Query — Get Video Metadata:
SELECT * FROM video WHERE id IN ?;
Notice how we use the “IN” operator and not “=” because we need to fetch a list of videos, not just a single video.
Schema — Video Table:
For the video table, let’s define the id as the partition key because that’s the only filter we use in the query.
Page: Watch Video
If you click on any of the “Watch” buttons, you will be redirected to a page with a video player where you can start and pause the video.
Query — Get Video Content:
SELECT * FROM video WHERE id=?;
This is a similar query to the one that runs on the Continue Watching page. Thus, the same schema will work for this query as well.
Schema — Video Table:
Page: Most Recent Videos
Finally, let’s break down the Most Recent Videos page, which is the home page of the application. We analyze this page last because it is the most complex one from a data-modeling perspective. This page lists 10 of the most recently uploaded videos that are available in the database, ordered by the video creation date.
We will have to fetch these videos in two steps: first, get the timestamps, and then get the actual video content.
Query — Get the Timestamp of the Most Recent 10 Videos:
SELECT id, top10(created_at) AS date FROM recent_videos;
You might notice that we use a custom function called top10(). This is not a standard function in ScyllaDB. It’s a user-defined function (UDF) that we created to solve this data modeling problem. This function returns an array of the most recent created_at timestamps in the table. Creating a new UDF in ScyllaDB can be a great way to solve your unique data-modeling challenges.

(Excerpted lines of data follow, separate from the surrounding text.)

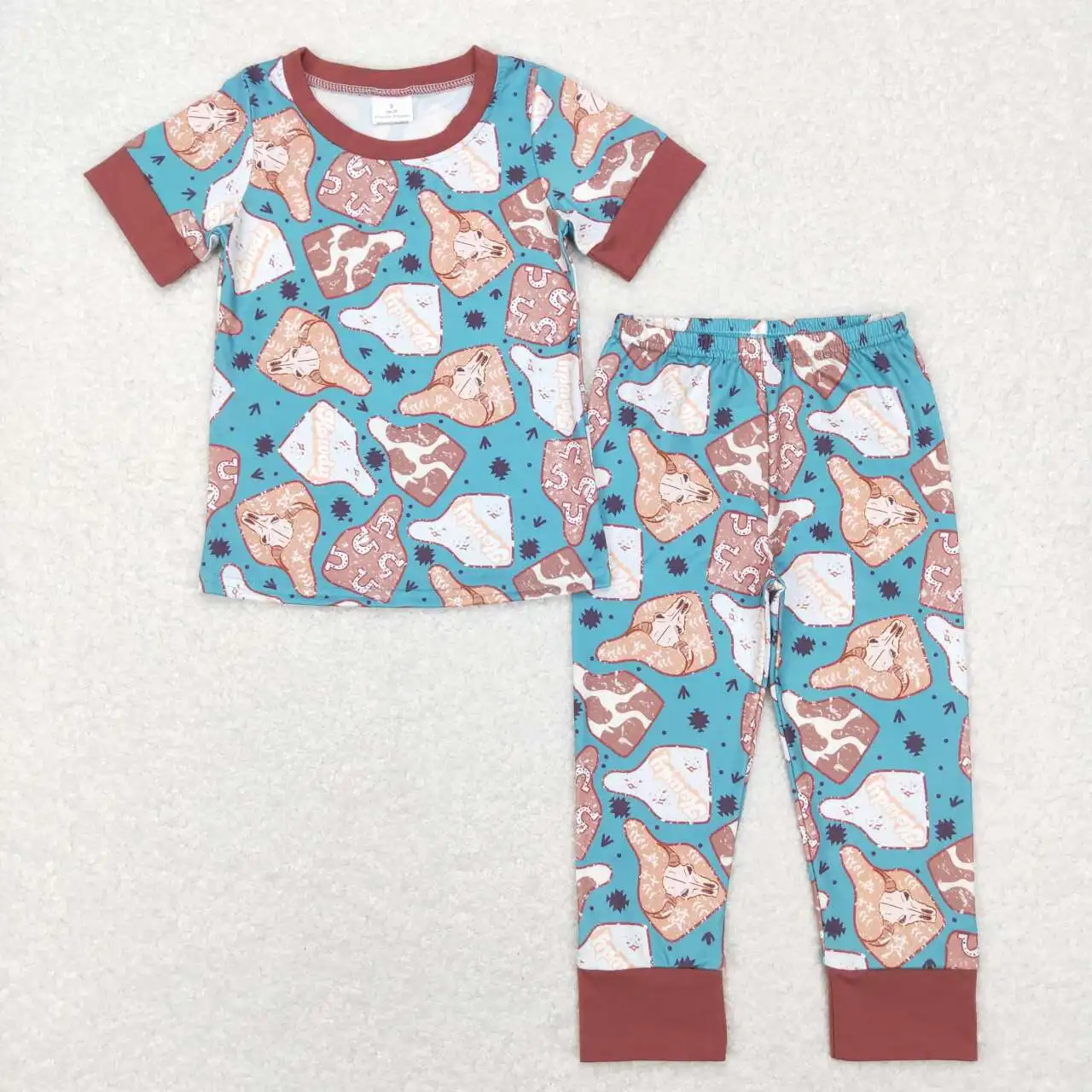 wholesale kids hot sale kids baby boys clothes children's clothing Alpine cow print brown border short-sleeved pantsuit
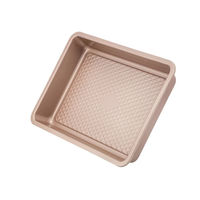 Moule à pâtisserie carré en acier au carbone antiadhésif couleur or champagne à chauffage uniforme personnalisable pour brownies et gâteaux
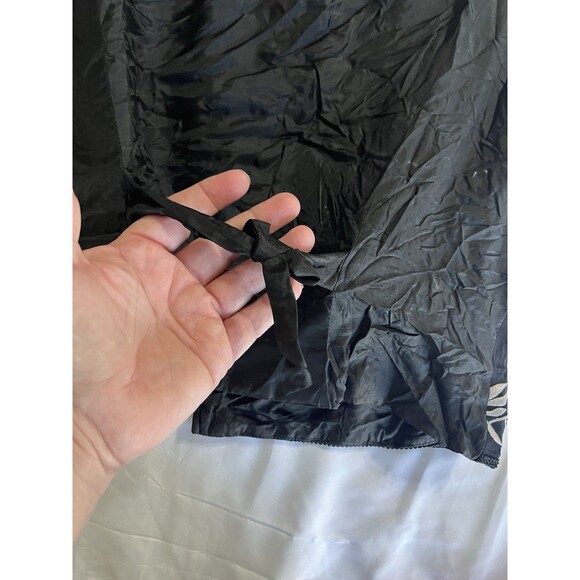 Spenser Jeremy Vest Embroidered Black Silk Silver Vest Size Large silk - Picture 6 of 8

These timestamp values can then be used to query the actual video content that we want to show on the page.
Query — Get Metadata for Those Videos:
SELECT * FROM recent_videos WHERE created_at IN ? LIMIT 10;
Schema — Recent Videos:
In the Recent Videos materialized view, the created_at column is the primary key, because we filter by that column in our first query to get the most recent timestamp values. Be aware that in some cases, this can cause a hot partition.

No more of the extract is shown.